If the head or nates be occupying the brim of the pelvis it will be necessary to raise them gently and press them to one side: this however is usually effected by the very act of passing up the hand, and seldom produces any difficulty, unless these parts have already advanced deeper into the pelvis; in which case, as turning under these circumstances can only be undertaken with a view to hasten labour, it will become a matter of consideration whether we shall not be able to attain this object better by the aid of the forceps.

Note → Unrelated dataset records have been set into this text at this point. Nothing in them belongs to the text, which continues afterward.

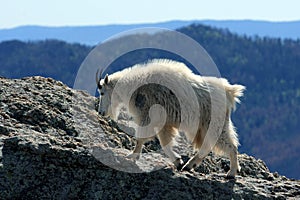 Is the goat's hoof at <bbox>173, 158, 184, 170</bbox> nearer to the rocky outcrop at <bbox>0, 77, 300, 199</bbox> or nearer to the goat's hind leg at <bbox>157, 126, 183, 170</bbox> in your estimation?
the goat's hind leg at <bbox>157, 126, 183, 170</bbox>

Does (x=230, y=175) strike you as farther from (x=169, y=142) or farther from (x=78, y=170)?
(x=78, y=170)

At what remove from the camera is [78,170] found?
9.80m

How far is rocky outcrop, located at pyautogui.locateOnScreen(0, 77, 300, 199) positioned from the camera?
960 cm

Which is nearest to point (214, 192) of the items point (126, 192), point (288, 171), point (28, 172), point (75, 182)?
point (126, 192)

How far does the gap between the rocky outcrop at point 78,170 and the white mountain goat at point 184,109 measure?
44 cm

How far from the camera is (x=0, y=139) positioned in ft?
33.0

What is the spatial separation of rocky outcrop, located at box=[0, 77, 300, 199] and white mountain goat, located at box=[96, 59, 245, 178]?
44cm

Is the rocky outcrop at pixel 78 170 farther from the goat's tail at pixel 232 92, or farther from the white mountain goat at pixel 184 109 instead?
the goat's tail at pixel 232 92

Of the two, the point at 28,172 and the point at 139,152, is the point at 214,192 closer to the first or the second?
the point at 139,152

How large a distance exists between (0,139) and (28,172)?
2.50 feet

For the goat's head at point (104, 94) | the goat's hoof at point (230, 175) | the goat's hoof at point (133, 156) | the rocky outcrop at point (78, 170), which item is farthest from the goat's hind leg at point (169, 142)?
the goat's head at point (104, 94)

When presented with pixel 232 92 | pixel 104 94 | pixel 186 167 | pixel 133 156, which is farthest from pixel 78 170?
pixel 232 92

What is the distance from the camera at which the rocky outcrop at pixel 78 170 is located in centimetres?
960

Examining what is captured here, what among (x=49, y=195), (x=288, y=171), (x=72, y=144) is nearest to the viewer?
(x=49, y=195) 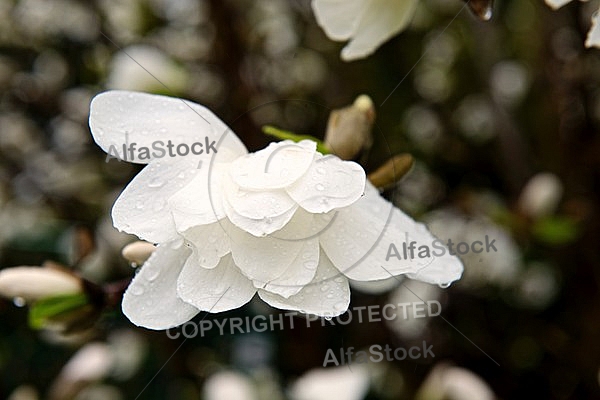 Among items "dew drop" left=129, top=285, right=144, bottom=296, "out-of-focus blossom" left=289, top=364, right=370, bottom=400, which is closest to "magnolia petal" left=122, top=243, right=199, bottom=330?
"dew drop" left=129, top=285, right=144, bottom=296

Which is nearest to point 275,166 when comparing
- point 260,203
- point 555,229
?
point 260,203

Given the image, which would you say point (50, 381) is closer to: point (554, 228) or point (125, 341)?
point (125, 341)

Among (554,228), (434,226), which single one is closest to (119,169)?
(434,226)

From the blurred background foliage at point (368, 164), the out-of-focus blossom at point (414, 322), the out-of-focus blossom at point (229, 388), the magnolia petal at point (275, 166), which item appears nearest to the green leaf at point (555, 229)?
the blurred background foliage at point (368, 164)

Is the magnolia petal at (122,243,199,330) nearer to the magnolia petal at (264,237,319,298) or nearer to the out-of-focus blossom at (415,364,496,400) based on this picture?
the magnolia petal at (264,237,319,298)

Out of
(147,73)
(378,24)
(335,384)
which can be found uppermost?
(378,24)

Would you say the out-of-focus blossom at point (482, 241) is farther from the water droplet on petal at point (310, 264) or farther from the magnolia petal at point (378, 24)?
the water droplet on petal at point (310, 264)

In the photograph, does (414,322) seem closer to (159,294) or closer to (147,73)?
(147,73) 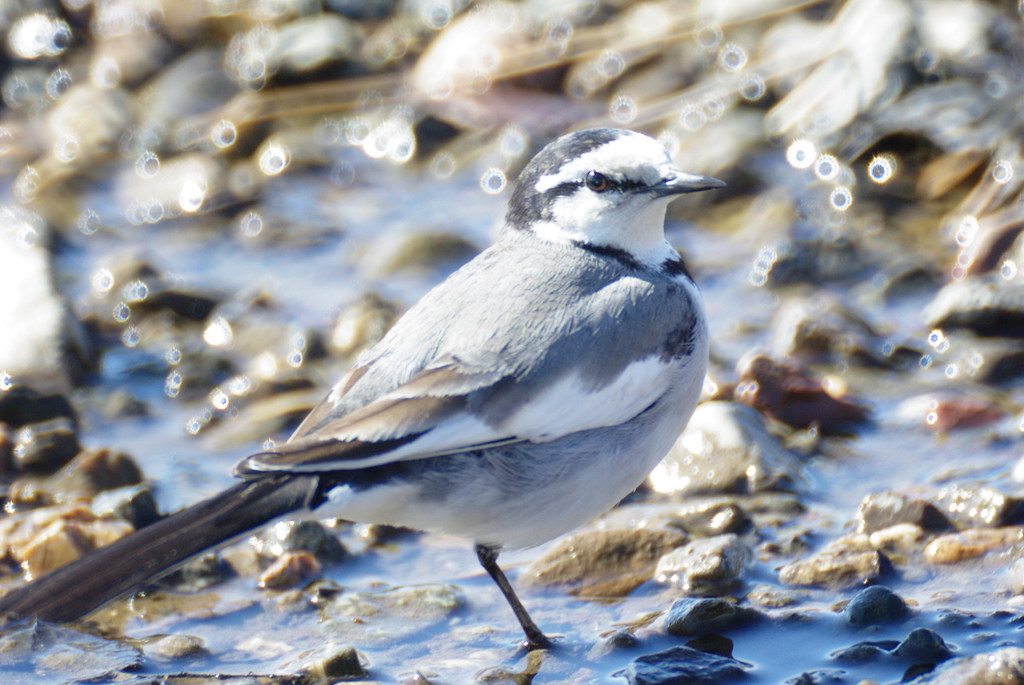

Although it ought ever to be considered as a rule that turning must not be attempted whilst the pains are violent, the introduction of the hand into the uterus always excites it more or less to contraction: the degree of pressure and impediment which it will produce to the progress of the hand will in a great measure depend upon the quantity of liquor amnii which it contains. Where the uterus has been drained of the fluid, every contraction will be felt in its full force by the operator: his hand is firmly jammed against the child, and if it happens to be caught in a constrained posture at the moment, is liable to be attacked with a severe fit of cramp, which benumbs and renders it powerless. Wherever we find that the hand is tightly squeezed during a pain, we should lay it flat with the palm upon the child, and hold it perfectly still: in this posture it will bear a powerful contraction without inconveniencing ourselves or injuring the uterus; and by letting it be quite flaccid and motionless we shall not provoke the uterus to farther exertions. Attempting to turn during the pain would not only be useless, but we should exhaust the strength of our hand which cannot be spared too much; we should torture the patient unnecessarily, and run no small risk of rupturing the uterus.
In letting the pressure of our hand be upon the child during a pain, instead of against the uterus, we must select any part rather than its abdomen, for pressure here seems to act as injuriously as pressure upon the umbilical cord.